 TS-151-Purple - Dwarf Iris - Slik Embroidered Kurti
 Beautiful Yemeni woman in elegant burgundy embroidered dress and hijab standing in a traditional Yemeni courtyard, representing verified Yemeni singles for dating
* * *
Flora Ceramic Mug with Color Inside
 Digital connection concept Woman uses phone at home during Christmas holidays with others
--
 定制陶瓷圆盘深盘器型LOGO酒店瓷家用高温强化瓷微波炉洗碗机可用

• _TASK ITEM_:
Copy the lines above exactly. Start with the line containing "Flora Ceramic Mug with Color Inside", end with the line containing "Digital connection concept", and include both.

• _RESULT OF THE TASK_:
Flora Ceramic Mug with Color Inside
 Digital connection concept Woman uses phone at home during Christmas holidays with others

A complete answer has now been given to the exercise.